How we developed the Sant Boi Green and Blue Infrastructure Strategy (2025–2035): from scientific diagnosis to actionable roadmap
Case study · Institutions and territories
Published December 25, 2025 · Category: Strategy · Institutions
In recent years, many city councils have invested in studies on climate, biodiversity, and urban health. The problem is almost never a “lack of reports.” The problem is something else entirely: how to transform all that information into a clear roadmap, with priorities, deadlines, governance, and funding. Sant Boi de Llobregat was exactly at that point when we started this project.

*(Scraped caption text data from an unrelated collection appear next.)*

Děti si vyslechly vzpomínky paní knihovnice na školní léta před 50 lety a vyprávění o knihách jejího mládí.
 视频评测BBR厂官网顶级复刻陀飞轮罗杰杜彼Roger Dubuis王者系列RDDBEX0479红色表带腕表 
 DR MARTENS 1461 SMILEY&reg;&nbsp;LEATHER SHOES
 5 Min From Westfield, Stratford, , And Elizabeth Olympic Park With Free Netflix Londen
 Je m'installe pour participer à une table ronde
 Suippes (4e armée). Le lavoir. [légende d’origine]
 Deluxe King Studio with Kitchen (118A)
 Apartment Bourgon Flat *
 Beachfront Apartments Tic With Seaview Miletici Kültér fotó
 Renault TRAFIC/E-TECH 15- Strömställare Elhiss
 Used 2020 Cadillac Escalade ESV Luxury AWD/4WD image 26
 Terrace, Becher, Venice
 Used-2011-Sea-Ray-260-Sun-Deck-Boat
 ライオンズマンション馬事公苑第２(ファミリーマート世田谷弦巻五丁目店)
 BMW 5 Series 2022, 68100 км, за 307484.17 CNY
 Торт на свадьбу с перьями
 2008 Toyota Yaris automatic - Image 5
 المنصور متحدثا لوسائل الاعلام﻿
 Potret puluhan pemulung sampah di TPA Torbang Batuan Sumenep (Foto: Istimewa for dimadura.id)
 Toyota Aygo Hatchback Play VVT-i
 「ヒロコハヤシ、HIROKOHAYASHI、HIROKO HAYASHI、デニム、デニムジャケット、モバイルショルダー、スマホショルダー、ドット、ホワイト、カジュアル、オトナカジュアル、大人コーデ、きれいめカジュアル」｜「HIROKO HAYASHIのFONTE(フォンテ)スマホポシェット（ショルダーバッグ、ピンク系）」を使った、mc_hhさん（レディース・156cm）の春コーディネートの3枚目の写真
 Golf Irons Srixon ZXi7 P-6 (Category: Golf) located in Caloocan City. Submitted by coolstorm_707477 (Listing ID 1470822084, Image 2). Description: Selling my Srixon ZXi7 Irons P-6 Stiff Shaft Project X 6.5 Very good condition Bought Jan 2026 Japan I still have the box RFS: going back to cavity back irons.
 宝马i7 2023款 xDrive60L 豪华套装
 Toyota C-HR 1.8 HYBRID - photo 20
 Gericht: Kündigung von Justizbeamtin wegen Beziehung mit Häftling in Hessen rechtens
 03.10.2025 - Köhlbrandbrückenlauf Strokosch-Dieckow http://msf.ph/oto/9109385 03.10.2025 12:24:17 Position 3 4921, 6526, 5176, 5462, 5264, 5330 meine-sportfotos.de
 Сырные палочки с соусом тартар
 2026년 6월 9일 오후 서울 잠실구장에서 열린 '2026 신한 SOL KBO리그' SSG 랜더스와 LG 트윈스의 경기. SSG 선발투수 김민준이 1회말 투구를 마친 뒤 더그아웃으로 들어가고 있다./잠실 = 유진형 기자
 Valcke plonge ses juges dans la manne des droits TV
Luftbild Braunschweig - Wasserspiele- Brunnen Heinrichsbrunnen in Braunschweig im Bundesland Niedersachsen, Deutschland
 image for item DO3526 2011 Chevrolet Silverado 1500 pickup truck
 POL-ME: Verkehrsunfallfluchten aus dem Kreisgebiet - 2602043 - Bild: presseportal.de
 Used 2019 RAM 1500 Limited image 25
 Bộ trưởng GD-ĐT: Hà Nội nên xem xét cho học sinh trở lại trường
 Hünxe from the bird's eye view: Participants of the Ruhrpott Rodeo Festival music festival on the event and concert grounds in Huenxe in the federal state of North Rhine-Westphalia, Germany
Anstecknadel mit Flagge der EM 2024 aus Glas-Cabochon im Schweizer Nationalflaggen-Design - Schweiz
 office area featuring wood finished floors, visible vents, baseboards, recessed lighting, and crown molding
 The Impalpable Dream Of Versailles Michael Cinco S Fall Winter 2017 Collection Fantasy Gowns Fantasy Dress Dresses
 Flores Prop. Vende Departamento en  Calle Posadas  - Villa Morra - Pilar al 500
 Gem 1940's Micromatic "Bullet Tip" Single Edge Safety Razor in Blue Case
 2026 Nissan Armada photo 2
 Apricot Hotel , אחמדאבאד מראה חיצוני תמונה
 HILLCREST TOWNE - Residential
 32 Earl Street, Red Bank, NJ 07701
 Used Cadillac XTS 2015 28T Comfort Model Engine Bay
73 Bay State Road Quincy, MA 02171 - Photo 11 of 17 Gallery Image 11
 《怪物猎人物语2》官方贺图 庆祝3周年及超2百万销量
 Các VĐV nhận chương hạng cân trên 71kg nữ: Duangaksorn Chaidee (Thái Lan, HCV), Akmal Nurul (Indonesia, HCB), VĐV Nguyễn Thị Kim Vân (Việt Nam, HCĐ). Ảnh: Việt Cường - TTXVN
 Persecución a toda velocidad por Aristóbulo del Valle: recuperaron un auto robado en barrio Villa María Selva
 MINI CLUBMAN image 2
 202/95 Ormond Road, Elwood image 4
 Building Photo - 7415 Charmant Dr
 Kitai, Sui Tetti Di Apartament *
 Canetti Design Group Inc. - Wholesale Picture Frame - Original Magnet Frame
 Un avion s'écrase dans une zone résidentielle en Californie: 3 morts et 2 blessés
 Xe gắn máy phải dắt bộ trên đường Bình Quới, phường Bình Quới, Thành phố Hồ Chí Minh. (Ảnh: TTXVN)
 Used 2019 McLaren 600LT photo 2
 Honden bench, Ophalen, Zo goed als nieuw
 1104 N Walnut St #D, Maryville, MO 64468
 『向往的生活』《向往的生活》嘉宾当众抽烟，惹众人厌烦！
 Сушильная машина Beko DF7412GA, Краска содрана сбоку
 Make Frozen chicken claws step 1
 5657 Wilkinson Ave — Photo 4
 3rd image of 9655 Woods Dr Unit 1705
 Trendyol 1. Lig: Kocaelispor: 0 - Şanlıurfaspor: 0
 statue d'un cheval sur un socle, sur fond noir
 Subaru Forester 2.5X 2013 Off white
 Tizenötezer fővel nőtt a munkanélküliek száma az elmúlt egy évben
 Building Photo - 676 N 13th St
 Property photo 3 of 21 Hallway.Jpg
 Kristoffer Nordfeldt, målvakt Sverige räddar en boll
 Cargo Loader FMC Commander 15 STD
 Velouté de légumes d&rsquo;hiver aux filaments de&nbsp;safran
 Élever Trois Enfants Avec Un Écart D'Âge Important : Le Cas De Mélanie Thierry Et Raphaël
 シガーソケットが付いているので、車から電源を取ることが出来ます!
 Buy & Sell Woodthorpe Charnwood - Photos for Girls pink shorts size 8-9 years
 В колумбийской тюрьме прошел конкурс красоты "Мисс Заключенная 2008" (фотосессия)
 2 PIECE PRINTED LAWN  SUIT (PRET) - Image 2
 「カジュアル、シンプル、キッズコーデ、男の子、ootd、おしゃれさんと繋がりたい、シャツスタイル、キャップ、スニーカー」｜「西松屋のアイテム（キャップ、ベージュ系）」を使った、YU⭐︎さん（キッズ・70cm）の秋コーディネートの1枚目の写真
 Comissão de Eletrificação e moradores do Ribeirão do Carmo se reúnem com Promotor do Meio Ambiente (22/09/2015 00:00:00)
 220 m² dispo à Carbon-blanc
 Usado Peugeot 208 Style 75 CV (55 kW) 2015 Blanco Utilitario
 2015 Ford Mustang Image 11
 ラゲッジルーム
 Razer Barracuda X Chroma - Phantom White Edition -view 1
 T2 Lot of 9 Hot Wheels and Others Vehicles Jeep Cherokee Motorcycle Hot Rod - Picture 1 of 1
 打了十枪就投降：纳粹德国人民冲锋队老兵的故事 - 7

Ten-year strategy, structured in short, medium and long term.
Medium-sized metropolitan city, with very different neighborhoods and realities.
Our work ended with the approval and formal delivery of the Strategy.

The city already had a solid ecological assessment prepared by CREAF, with maps, indicators, and in-depth analysis of green and blue infrastructure. But that document, as presented, was not usable as a strategy, nor to justify the grants awarded: it did not set ten-year goals, prioritize neighborhoods, define a governance model or a funding scheme, and generated frustration because the City Council still lacked a clear guide to decide what to do first and where to begin.
This case study explains how, starting from that scientific report, we designed the Green and White Infrastructure Strategy of Sant Boi 2025–2035: a document that organizes the information, translates it into municipal management language and proposes a concrete roadmap for the next ten years.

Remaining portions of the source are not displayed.